The equal protection clause of the U.S. Const. amend. XIV forbids the prosecutor in a state criminal action to exercise peremptory challenges to remove members of the defendant's race from the venire. A defendant in such a case may establish a prima facie case of purposeful discrimination in the selection of the petit jury solely on evidence concerning the prosecutor's exercise of peremptory challenges at the trial.
Appellant construction worker brought an action against appellee concrete company for injuries sustained on a construction site. During jury empanelment, appellee used two of its three peremptory challenges against black jurors. The final jury consisting of 11 white and 1 black awarded damages to appellant, but found him to be 80 percent contributorily negligent with regard to his own injuries. Appellant claimed the lower court erred in not ordering appellee to state a neutral reason as to why black jurors were excluded, even though the lower court had answered the question by stating that discriminatory peremptory challenges were banned in criminal, but not civil litigation.
Does the guarantee of equal protection of the laws forbid the exercise of peremptory challenges on racial grounds in a civil case?

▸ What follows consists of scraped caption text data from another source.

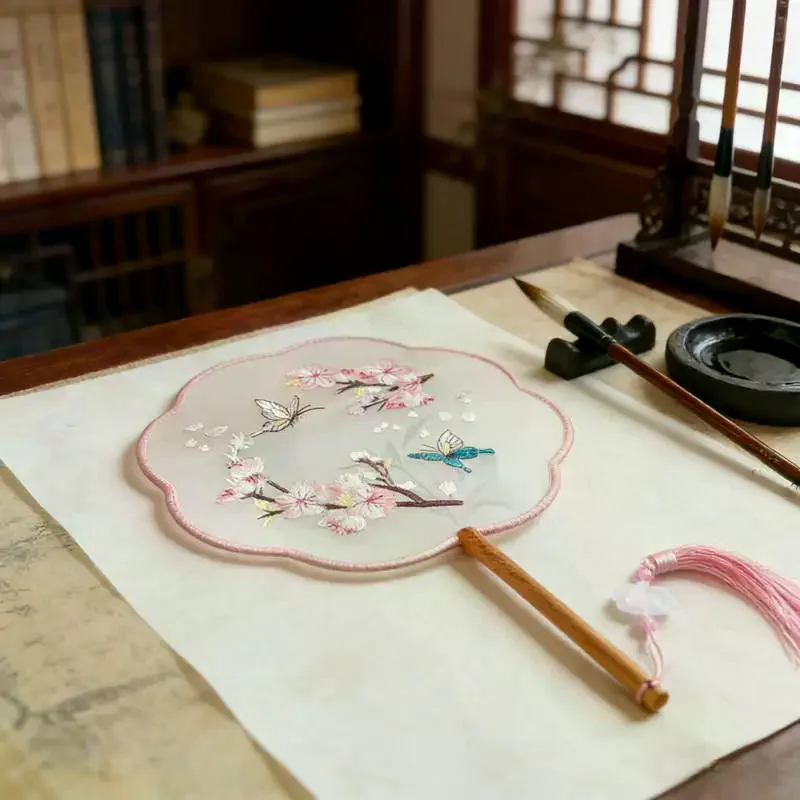 Vintage Style Silk Round Fan Exquisite Flower Embroidery Paddle Traditional Chinese Art Craft Hanfu Dance Party Accessory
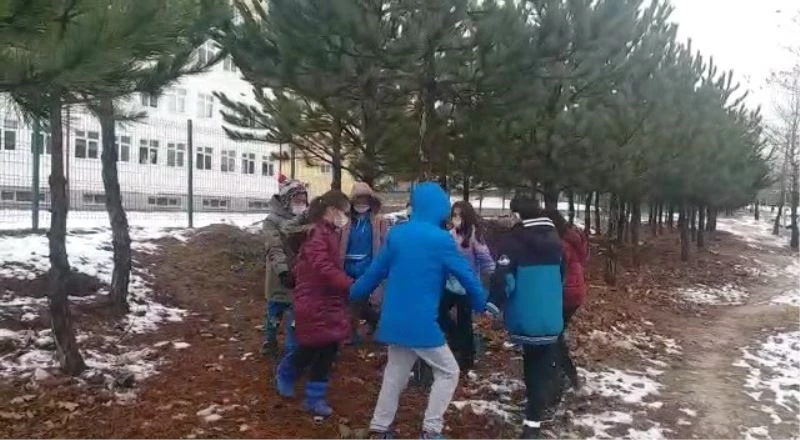 Öğrencilerin ormanları korumak için bestelediği şarkı beğeni topluyor
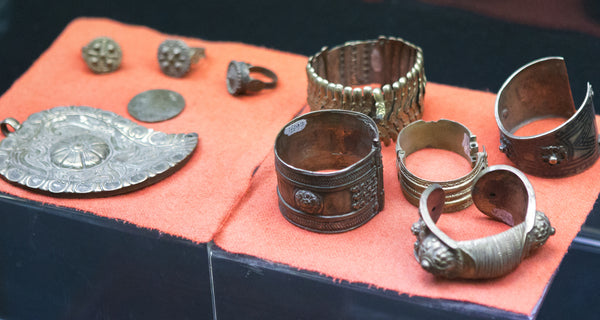 L'Histoire Fascinante des Bracelets en Argent à Travers les Âges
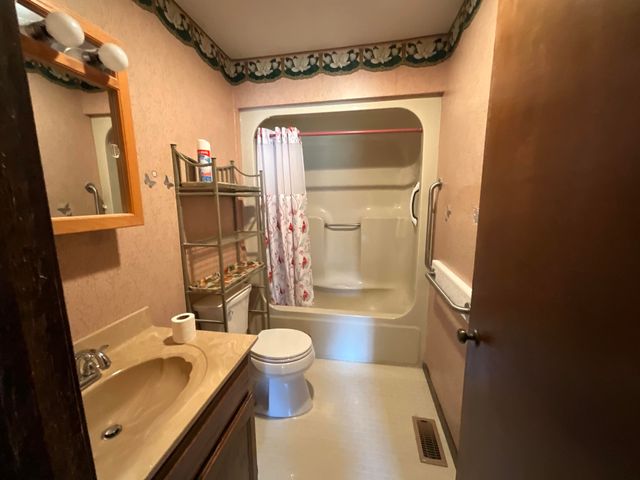 3812 Castlewood Court, Somerset, KY 42503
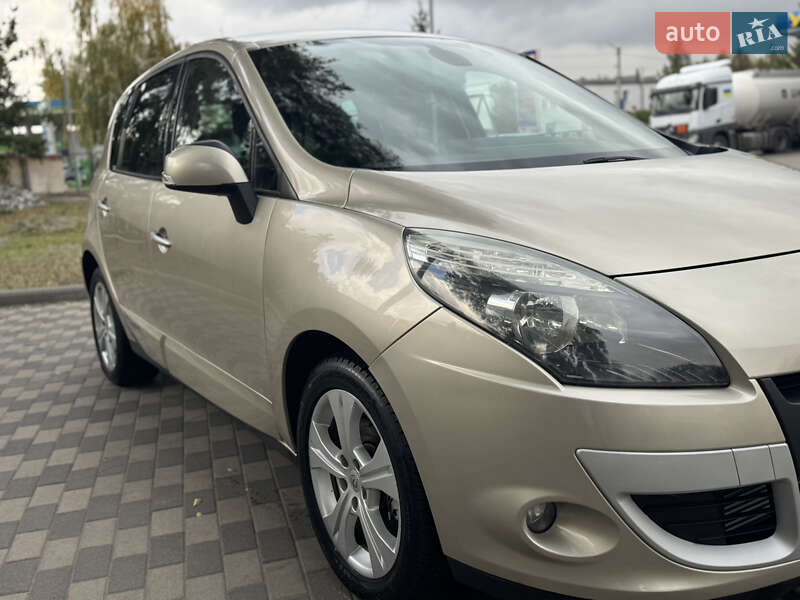 Мінівен Renault Scenic 2010 в Лубнах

The court vacated the decision of the lower court and remanded the matter to the lower court for further proceedings. The court found that the guarantee of equal protection extended to banning the use of peremptory challenges on racial grounds by a private litigant in federal court. The court found there was no reason to differentiate between service on a jury on a criminal or civil case. Thus, the court determined that if appellant construction worker establishes a prima facie case of racial discrimination, the lower court must require appellee concrete company to show a neutral reason for its challenges. If appellee is unable to do so, the lower court shall order a new trial.